LISD trustees approved the policies in a 6-1 vote. Board Member Jim MacKay voted against approval. Revised local implementation policies can be read in the board meeting agenda.
A review on the 2020-21 high school student-choice book club titles began in November after some content in the book options was deemed inappropriate for students.
Community Curriculum Advisory Committee review cycles found that 100 books in the 2020-21 book club unit met review criteria, 13 books did not meet the criteria and were removed, and six books were paused in use pending further review. Further review means the district was requesting counselors to assist with sensitive content or for other reasons.
One local change, which directs "teaching about controversial issues," include that a teachers' responsibilities "demand objectivity in presenting various sides of controversial issues" in the curriculum, and they should be "well informed in areas being studied and capable of providing instruction on the subject, free of personal bias," as said in the redlined changes.

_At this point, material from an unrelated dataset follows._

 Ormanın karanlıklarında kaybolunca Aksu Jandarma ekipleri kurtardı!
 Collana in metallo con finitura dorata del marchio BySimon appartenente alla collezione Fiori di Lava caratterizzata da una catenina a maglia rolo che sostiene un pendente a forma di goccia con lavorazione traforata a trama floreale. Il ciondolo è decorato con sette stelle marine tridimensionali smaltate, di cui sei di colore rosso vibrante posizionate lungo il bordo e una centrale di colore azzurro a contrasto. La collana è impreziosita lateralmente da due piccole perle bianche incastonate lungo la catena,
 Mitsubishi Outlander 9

A second policy is about instructional resources selection. New changes include revising that resources present "multiple viewpoints related to controversial issues to foster critical thinking skills and encourage discussion based on rational analysis." Additionally, the policy requires staff to ensure resources "containing sensitive content or addressing sensitive issues, including but not limited to sexuality, violence, or profanity, shall be subject to careful scrutiny and review."
Among other changes, a section was added to the policy detailing that parents or guardians will be given notice of reading selections in middle and high school with titles, summaries and identification of potentially sensitive topics and themes, the approved policy states.
The second implementation resolution gives the district until the end of the 2021-22 school year to implement the new policies.
Aug. 5 book club discussion
At the Aug. 5 school board meeting, district officials outlined changes in the district’s book club process and provided the results of the book review.
Books in the 2020-21 book club units were based on the Texas Education Agency’s new Texas Essential Knowledge and Skills requirements, which began in fall 2020. Chief Academic Officer Matt Bentz said Aug. 5 that the new state standards for language arts called for added diversity in cultures, genders, authors and lived experiences in literature. Bentz said district staff and teachers went through a process to select titles that met the new diversity standards.
Jennifer Collins, the assistant superintendent of curriculum, said the district reviewed these titles in an eight-cycle of the book club review process. Community and staff members in the Community Curriculum Advisory Committee were involved in the process that reviewed books line by line, Collins said.
Another review cycle will be held to further evaluate titles before they are added back into the system once the new policies are adopted, Collins said Aug. 5.
Collins said the district is now working on an instructional materials adoption manual, which will be piloted this year with physical education courses and future Advanced Placement courses. This is expected to be ready in October. A three- to five-year picture of upcoming materials adoptions will also be presented to the board in the future, Collins said.
“Moving forward, we believe that we have to be very intentional with what is expected in bringing any additional resources into our system,” Collins said Aug. 5. “I believe that the instructional materials manual that we are designing is going to help with that, and [the second] policy will also help guide that.”
The manual will bring more robust methods to gather more feedback from the community and school board, Bentz said. Feedback would come throughout the process instead of at the end or after the process.
Book unit titles were also changed to better reflect their learning outcomes, Collins said Aug. 5. The “Contemporary fiction book clubs: A study of individuality and belonging” was changed to “Literary fiction: A study of author and reader perspectives.” Collins said the new unit title is more specific to what the learning should be for that unit. The term “book clubs” is no longer included in the unit title because it gave a misconception that the unit was about a book club.
The district will also publish a secondary language arts website that shares book title selections available, background information and a feedback form. Other changes include improved parent communication expectations and an opportunity for parents to say titles they do not want their children to read.
Letters to parents with details about the book clubs were a “best practice” last year, but informational letters will now be the expectation for teachers, Collins said.